Sri Ram, Jae Ram,Jae-Jae Raaama.
Sri Ram, Jae Ram,Jae-Jae Ram
Sri Ram, Jae-jae Ram.

Then I did something.

I truly heard the words.


I became the words.

And I realized...

She had become ...


My throat tightened at the thought.

She had become...


Singing, she had become me.

I mean: the words! Her beauty, not mine, was too much to bear.

She was singing as if she were ... me.

For she was everywhere and everything for me.

And what did I want more than anything in the world?

I wanted her to hold me... in her vast embrace.

And she was singing those words to me.

As if she were me, singing those words to her.

Words I could not express, could never express, as beautifully as she sang them now, and she offered them up as a prayer on my behalf.

With her heart, her heart that I knew was as wide as the world.

That could love me, that I could rest inside in her arms, in her heart...


And I looked at her, singing this song, this prayer.

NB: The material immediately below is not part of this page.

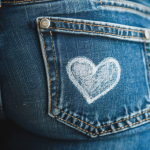 Drawing bleach designs on a pair of jeans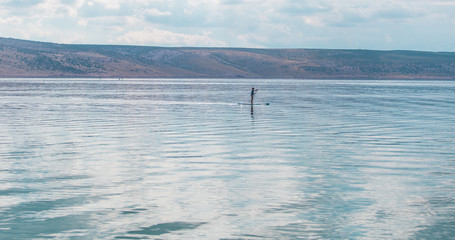 young woman SUP boarding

Praying, as me, for her to love me, and I felt her infinite sadness that she ...

That if she ever did love me, ...

She was afraid.

She was afraid that her heart, as wide as the world, and her vast embrace, would crush me. Her, a god, reaching down to a mere mortal, and crushing me with her lightest touch, a flower she admired, held in her hand for the briefest of seconds, then, sadly, moving on after the only one day the flower had withered and died in her palm.

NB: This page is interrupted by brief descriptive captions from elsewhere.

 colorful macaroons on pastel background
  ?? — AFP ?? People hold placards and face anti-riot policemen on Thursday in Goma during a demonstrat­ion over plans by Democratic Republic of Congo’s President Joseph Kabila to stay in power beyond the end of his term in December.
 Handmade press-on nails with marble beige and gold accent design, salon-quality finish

She couldn't love me. It was impossible. It was impossible as me falling in love with a flower, watching it wither and die. I could admire it for a moment, but then I'd have to move on. I couldn't give my heart to it. That would be stupid... foolish.

Pointless. I'd feel sad for it, for a moment, if I bothered to have stopped and admired it, but that would be all.

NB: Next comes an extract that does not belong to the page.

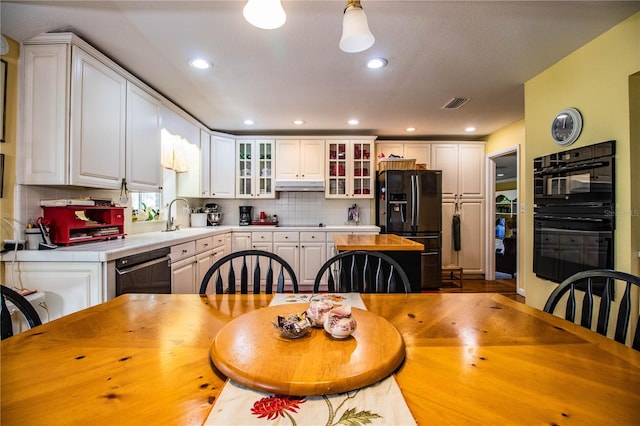 kitchen featuring black appliances, white cabinets, sink, tasteful backsplash, and decorative light fixtures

That's all I was. That's all this was. Just this one moment in time in her Eternity.

And my eyes looked to her, a god, and ... my mere mortal, imperfect eyes looked to her ...

And I pleaded, in a soundless sigh, 'come to bed, ...'

Come to bed, I prayed, and wrap me in your vast, ... your tender embrace.

And her eyes said ...


And she put the mandolin aside, and the music continued to hum, suspended in the air around us, and she moved to me, in her utter stillness, easing in behind me, wrapped in the silk slip, in the cotton sheets, in the woolen blankets, she wrapped me, wrapped in all of that in her arms, and hummed her chanting, still, in my hair, her hands over my heart, beating for her, for it was hers, and over my tummy, pulling me tightly into her, just like I liked it, and her leg draped protectively over my legs.

And I was encased into her.

I was surrounded by her.

And I dreamed she kissed me, so gently, on the crown of my head, and she sang:

Sri Ram, Jae Ram, Jae-Jae Ram.
Sri Ram, Jae Ram, Jae-Jae Ram.

Sleep, love, in my love,
Sleep, my love, in my love.

And I slept, surrounded by her Being.

And, for now, tonight, and forever, ...

That was enough.

A/N: Inspired by Krisna Das' singing of the Hanuman Chalisa, recorded 2009 in Kakrighat, India.